In 2008 the total number of full-time equivalent jobs was 75. The number of jobs in the primary sector was 22, all of which were in agriculture. The number of jobs in the secondary sector was 18 of which 4 or (22.2%) were in manufacturing and 14 (77.8%) were in construction. The number of jobs in the tertiary sector was 35. In the tertiary sector; 4 or 11.4% were in wholesale or retail sales or the repair of motor vehicles, 18 or 51.4% were in the movement and storage of goods, 7 or 20.0% were in a hotel or restaurant, 4 or 11.4% were technical professionals or scientists, 3 or 8.6% were in education.

In 2000, there were 15 workers who commuted into the municipality and 133 workers who commuted away. The municipality is a net exporter of workers, with about 8.9 workers leaving the municipality for every one entering. Of the working population, 18.6% used public transportation to get to work, and 54.8% used a private car.

==Religion==
From the 2000 census, 475 or 95.0% were Roman Catholic, while 10 or 2.0% belonged to the Swiss Reformed Church.
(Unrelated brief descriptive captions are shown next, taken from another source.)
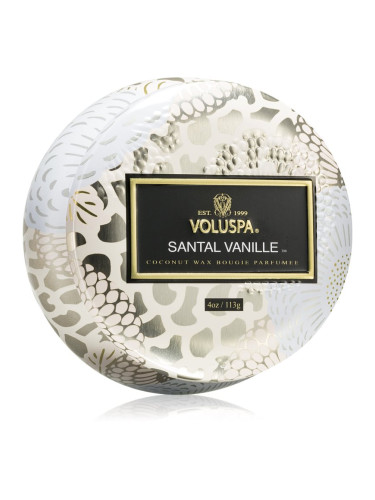 VOLUSPA Japonica Santal Vanille ароматна свещ в кутия 113 гр.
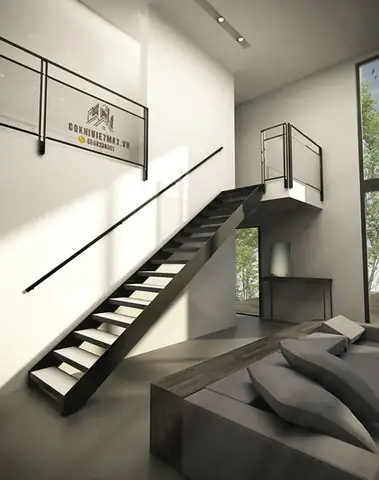 Dự Án Cầu Thang Sắt Đã Thực Hiện Dự Án Cầu Thang Sắt Đã Thực Hiện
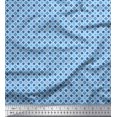 thumbnail image 1 of Soimoi Velvet Fabric Check & Geometric Print Fabric by The Yard 58 Inch Wide, 1 of 5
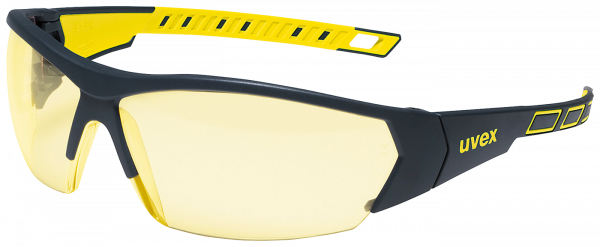 Sikkerhedsbrille Uvex I-Works 9194 Gul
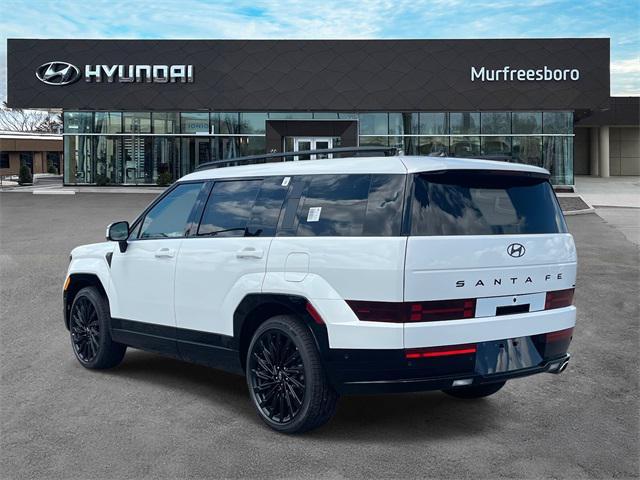 new 2026 Hyundai Santa Fe car, priced at $51,135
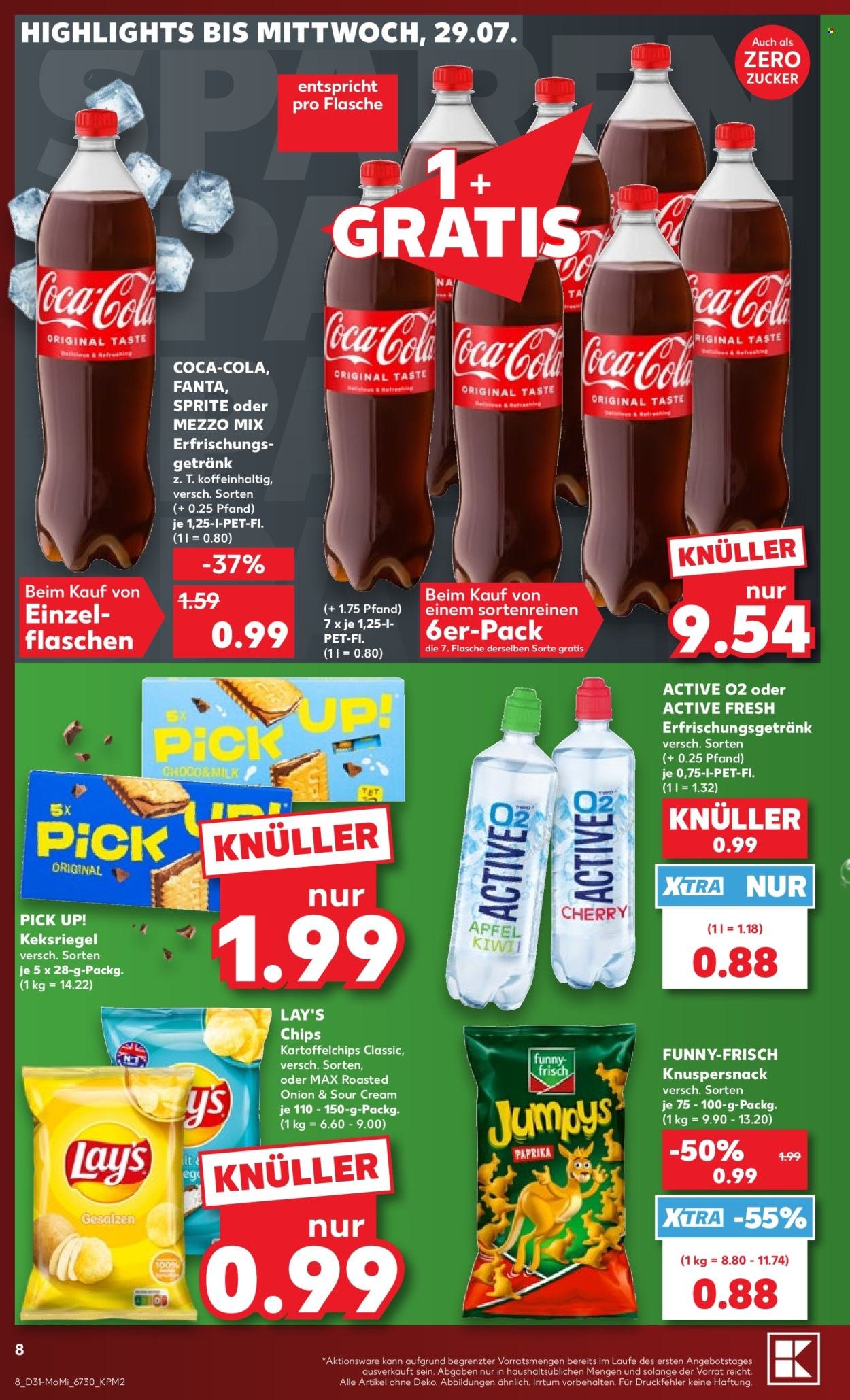 KAUFLAND Prospekt - Ab Montag 27.07.2026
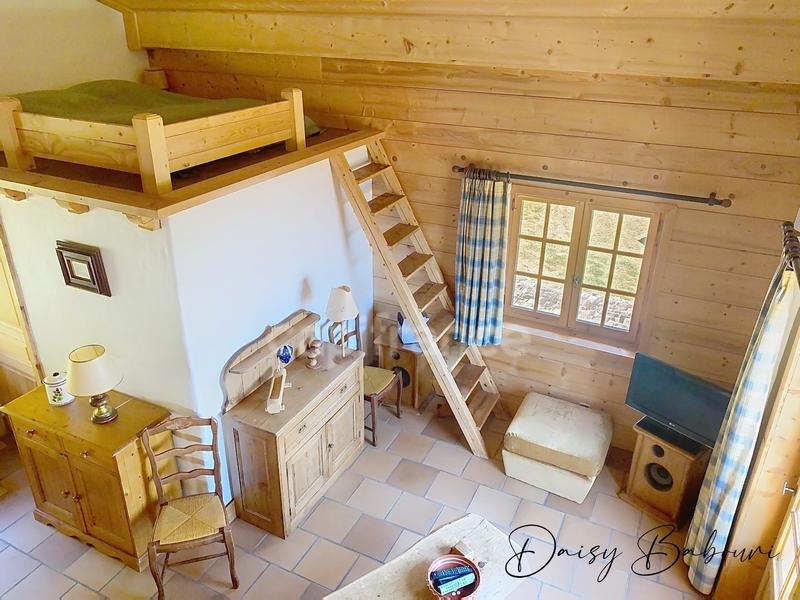 Châlet - 105 m² - 3 pièces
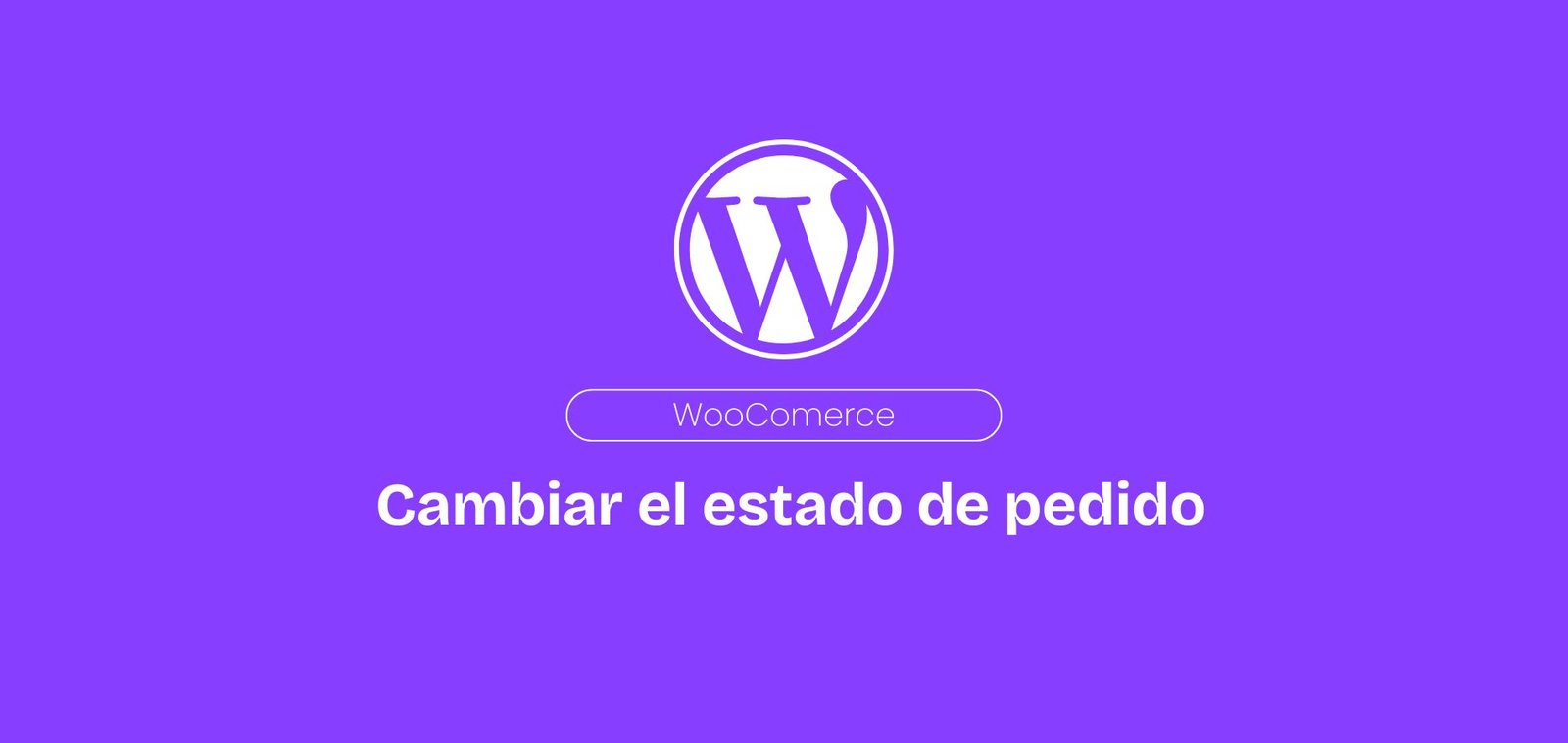 WooCommerce. Cambiar el estado de pedido con pago por contra reembolso a «En Espera» en lugar de «Procesando»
There were 12 (or about 2.40% of the population) who were Islamic. 1 (or about 0.20% of the population) belonged to no church, are agnostic or atheist, and 2 individuals (or about 0.40% of the population) did not answer the question.

==Education==
In Eischoll about 194 or (38.8%) of the population have completed non-mandatory upper secondary education, and 21 or (4.2%) have completed additional higher education (either university or a Fachhochschule). Of the 21 who completed tertiary schooling, 85.7% were Swiss men, 14.3% were Swiss women.

During the 2010-2011 school year there were a total of 55 students in the Eischoll school system. The education system in the Canton of Valais allows young children to attend one year of non-obligatory Kindergarten. During that school year, there was one kindergarten class (KG1 or KG2) and 10 kindergarten students. The canton's school system requires students to attend six years of primary school. In Eischoll there were a total of 4 classes and 55 students in the primary school. The secondary school program consists of three lower, obligatory years of schooling (orientation classes), followed by three to five years of optional, advanced schools. All the lower and upper secondary students from Eischoll attend their school in a neighboring municipality.

As of 2000, there were 40 students from Eischoll who attended schools outside the municipality.